A collective gasp of astonishment came up from the roomful of ladies. “Right down the street? At the Pig?” they said in various high pitches.

“Yes, ma’am, he sure did.”

“I can’t believe it,” Bonita said.

“Believe it, sister. We were attacked in broad daylight right here in Tullulah.”

Various mutterings of shock and disapproval followed. The manicurist in the far corner released her patron’s hand. “What did y’all do?”

Phoebe moved slightly but, feeling the resistant tug of Bonita’s comb, she sat still. To compensate, she spoke in a louder voice, moving her head as much as she could, left and right, to make eye contact with her audience. She pointed to me. “That one right there got him and got him good. Jane put the hai karate on him.”

The resultant murmurs coincided with Bonita’s release of Phoebe’s hair. Phoebe hopped up out of the styling chair. With a flip of both arms, she flung aside her plastic cape and began to demonstrate.

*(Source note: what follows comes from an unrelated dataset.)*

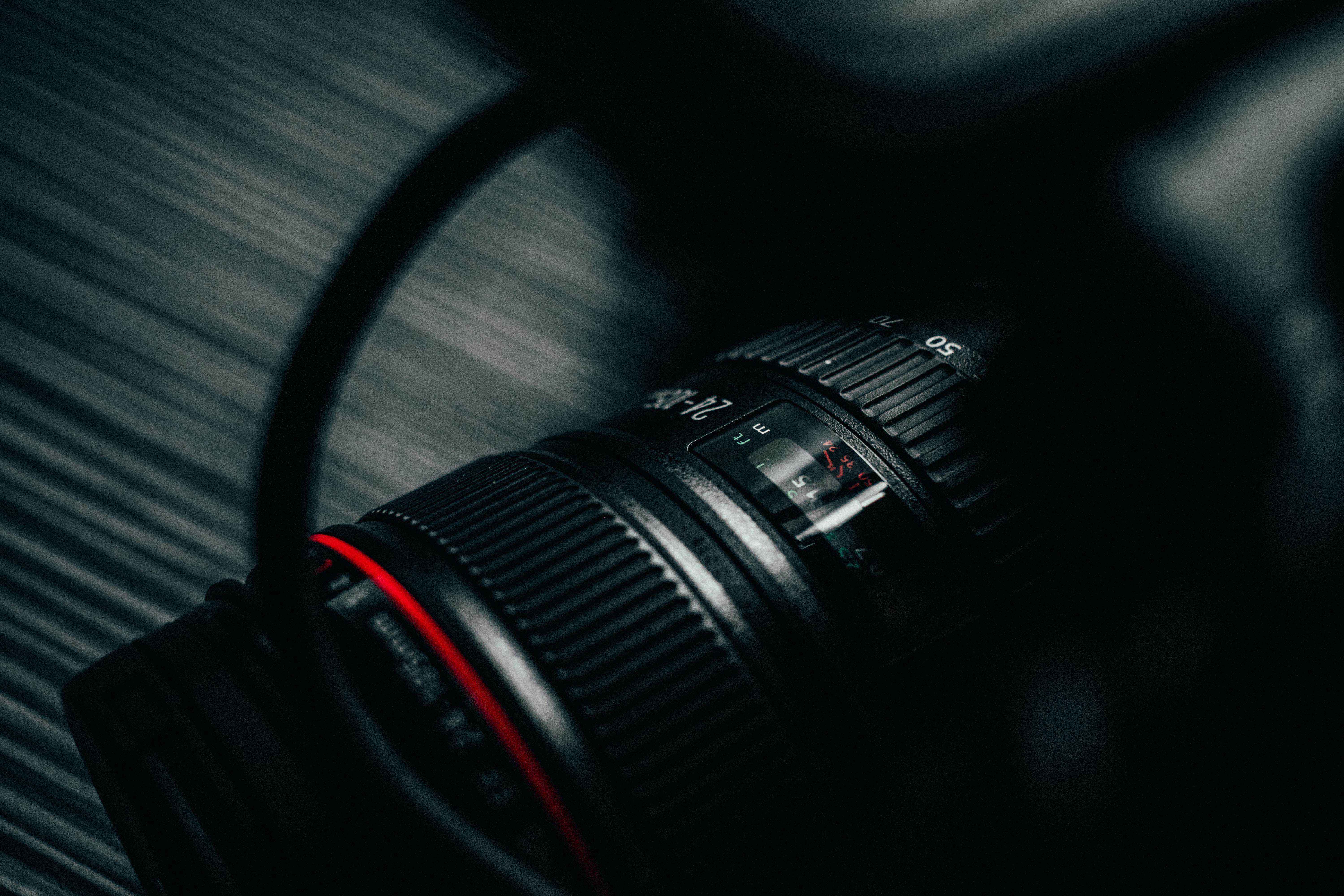 Detailed close-up view of a DSLR camera lens with subtle highlights, showcasing precision design.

“She sure did. She done like this here, ‘Eeee-yah!’”

Her hands cut through the air with fast movements in a way I’d never before seen and certainly had not done myself. She scissored her hands, the edges out straight, and paused, as if frozen, in a stance she must have copied from one of the martial arts videos of which she has become so fond lately.

“He looked shocked but only for a split second before he started fighting back, like this.” She moved from her stiff pose into a series of jabs with her fists. “What kind of a boy would fight a little old lady? No offense, Jane.”

“None taken,” I said. “But actually, he didn’t really ‘fight’ in exactly that way.” No one paid any mind to me, nor would I have done, with the much more entertaining spectacle Phoebe enthusiastically provided.

“And then Jane did like this, ‘Ooo-waaah!’” Phoebe accompanied her remark with a supposed grab of the wrist and twist of the arm to her invisible attacker. “Right into his breadbasket. He doubled over and then she karate-chopped him on his neck with a
ka-whap, ka-whap
down on both sides, one right after the other one.” This she portrayed with quick slices downward, another embellishment of the truth. I had done nothing of the sort.

Phoebe stood looking at the floor, her fingers splayed, her hands and feet apart in a gesture one might see on a Broadway stage, or after the death of a Shakespearean character. I half expected a soliloquy.

“Phoebe,” Bonita said, “you’re dripping water everywhere. Here, sit back down.”

“And there he lay,” Phoebe continued, still staring downward, before coming out of her thespian reverie. She looked up. “He looked like he was going to be napping for some time. I thought he was out cold. Which is why we all relaxed and weren’t paying close enough attention. One minute he was still as could be, and the next he jumped up and took off, running like a streak of lightning.”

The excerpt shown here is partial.